Remove the pan from the heat.






Stir in:

Black beans, I had about 3/4 cup
Frozen corn, I used about 1 cup


Allow the meat mixture to cool to room temperature.






To assemble and bake the lasagne, have a 10" springform pan ready, and pre-heat the oven to 350F.






Grate 2 cups of cheddar cheese



Combine:

1 cup Basic Tomato Sauce
3/4 cup salsa











Mix 1/4 cup of the sauce into the meat mixture, just to moisten it a bit.











Line the bottom of the springform pan with a tortilla.










Spread a thin layer of the tomato sauce over the tortilla.

Spread a layer of the meat mixture over this, just enough to cover the sauce. Some gaps are okay.






Sprinkle a bit of the grated cheddar over the meat.

Continue to layer this way, gently pressing down on the tortilla in each layer, and ending with a meat layer.

I usually get 4 - 5 layers.










Sprinkle the remaining cheese over the top.

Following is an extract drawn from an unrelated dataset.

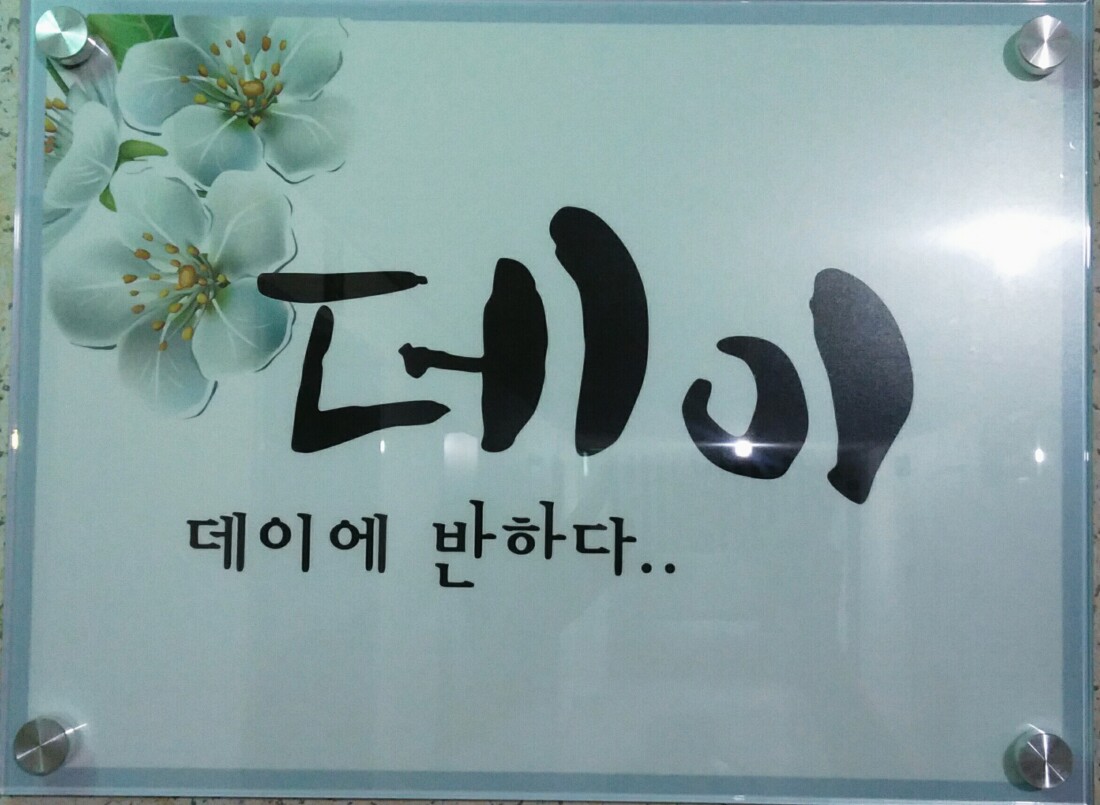 강남 데이테라피에서 선생님 모셔요~^^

I like to place the springform pan onto a baking sheet in case of leakage. Bake for about 45 minutes, or until it is heated through and the top is bubbly and crisping up. Allow the lasagne to rest for about 5 - 10 minutes before removing the side of the pan and cutting it into wedges for serving.

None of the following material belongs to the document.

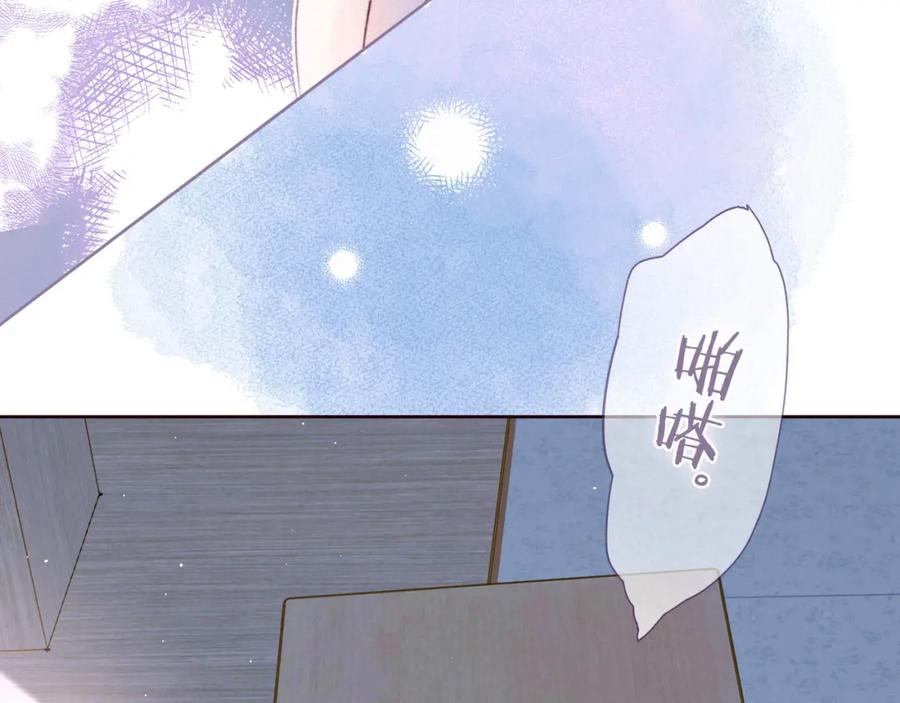 《雨川物语》第35话 光与影 第42页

This shows the layers after the ring has been removed from the springform pan



  • I used 10" tortillas, adjust the pan size according to the size of your tortillas. This works best in a round dish, but can be made in a square or rectangle...you might need to cut some of the tortillas in order to avoid having layers that are too thick.
  • I have made this using ground turkey instead of beef. You could try ground pork, or use cooked fish or prawns and make a fish taco version. 
  • Omit the meat and add in more beans and vegetables, cooked rice and cheese and make it a vegetarian lasagne.
  • Use as much cheese as you like! 
  • If you have extras such as red pepper (fresh or roasted), cherry tomatoes that can be roasted, soft tomatoes that can be chopped, green onions, other beans, cooked spinach... add these into the filling. That's what this blog is all about...using it up, and creating new flavours in the process.
  • Serve this with diced avocado, fresh tomatoes and green onions.
  • The meat can be used as taco filling, with either hard or soft shells. Roll the filling inside the tortillas, and place in an ovenproof dish, cover with the tomato-salsa sauce, top with cheese and you have enchiladas. It can also be used to stuff and bake peppers or tomatoes. Add in a can or two of chopped tomatoes, and you have a quick chili. Layer tortilla chips with the cooked meat, pickled or fresh jalapenos, olives, tomatoes and cheese and bake until heated through and you have nachos.
  • Adjust the spices according to your taste...I like cumin and tend to use a heavy hand with it. Increase the dried chipotle, or add in canned chipotles with some of the adobo sauce for an extra kick.
  • The lasagne can be made ahead and kept in the fridge, or it can be frozen for another time.
  • Cook extra meat, and freeze the filling as a timesaver for another time.
  • Extra or leftover meat can be used in wraps, on salads or as a pizza topping.